An Ambiguity in the Analects

The following passage from the Analects confused me when I was reading a bit earlier this afternoon. I read the classical Chinese text first, without punctuation, and thought I’d understood it. Then I read a translation, which differed quite a bit from my original reading. I’ve been thinking about it for a while, and I now think my initial reading was probably wrong. But I would be interested to hear from others what they think.

Below, I’ve quoted the passage in classical Chinese with punctuation marks, but without quotation marks. I’ve appended Legge’s translations, and my own translations where my interpretation differs from his. As always, you can consult the entire text and get basic glosses at the CTP. Some background: Yang Huo was employed by Ji Shi , and responsible for governing the state of Lu.

陽 貨欲見孔子,孔子不見,
Legge: Yang Huo wished to see Confucius, but Confucius would not go to see him.

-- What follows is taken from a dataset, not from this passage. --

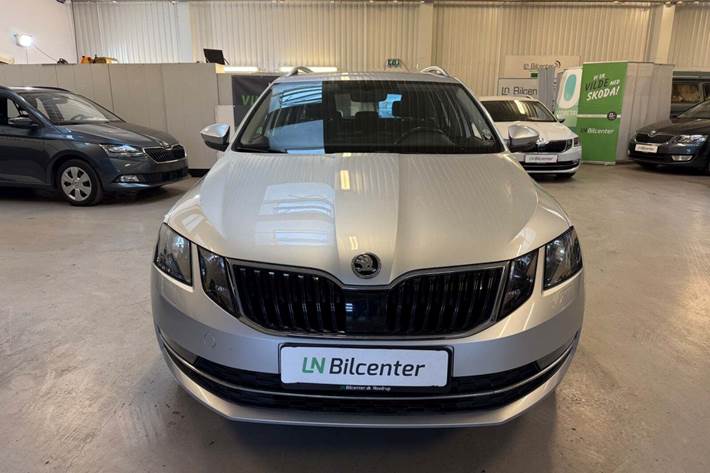 Sølv Skoda Octavia fra 2018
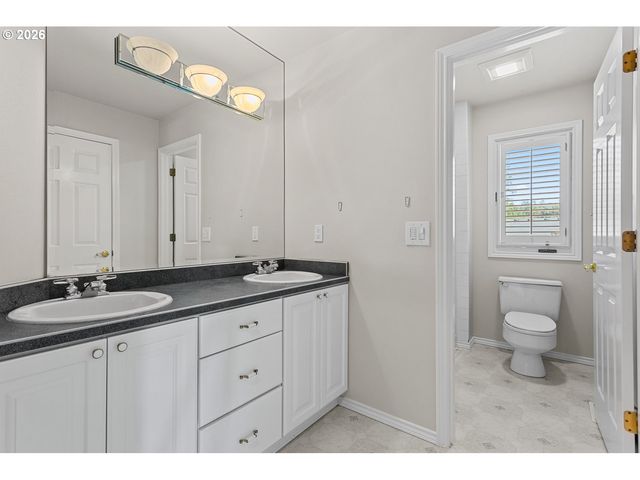 1424 Nw Josephine Ter, Portland, OR 97229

On this, he sent a present of a pig to Confucius, who, having chosen a time when Huo was not at home, went to pay his respects for the gift. He met him, however, on the way.
時其亡 is an interesting construction! 亡 can often be used instead of 無, as is the case here.

謂孔子曰: 來!予與爾言。
Legge: Huo said to Confucius, “Come, let me speak with you.”

曰:懷其寶而迷其邦, 可謂仁乎?
Legge: He [Huo] then asked, “Can he be called benevolent who keeps his jewel in his bosom, and leaves his country to confusion?”
Alternative: Confucius asked: “Can he be called benevolent who keeps his jewel in his bosom, and leaves his country to confusion?”
Notes: In Legge’s translation, the subject of the second 曰 remains Yang Huo. But 曰 almost always introduces a change of speaker. If Confucius asked this question, it may explain why he had refused to see Yang Huo: he felt he was not a good administrator and did not want to be in his company.

Legge: Confucius replied, “No.” [Huo asked:] “Can he be called wise, who is anxious to be engaged in public employment, and yet is constantly losing the opportunity of being so?”
Alternative: Huo replied: “No.” Confucius asked: “Can he be called wise, who appreciates what it takes to serve, yet is always tardy in doing so?”
Notes: There is no 曰 after the 不可, but you have to insert a 曰 for the passage to make sense no matter what.

曰: 不可。日月逝矣,歲不我與。
Legge: Confucius again said, “No.” [Huo asked:] “The days and months are passing away; the years do not wait for us.”
Legge: Huo said: “No. But I am an old man already; I do not have a lot of time left.”
Notes: Legge inserts another 曰 after the 不可 in this sentence. I do not, reading Huo’s statement as an apology for his bad record, which then makes Confucius change his mind about Huo.

孔子 曰:『諾。吾將仕矣。』
Legge: Confucius said, “Right; I will go into office.”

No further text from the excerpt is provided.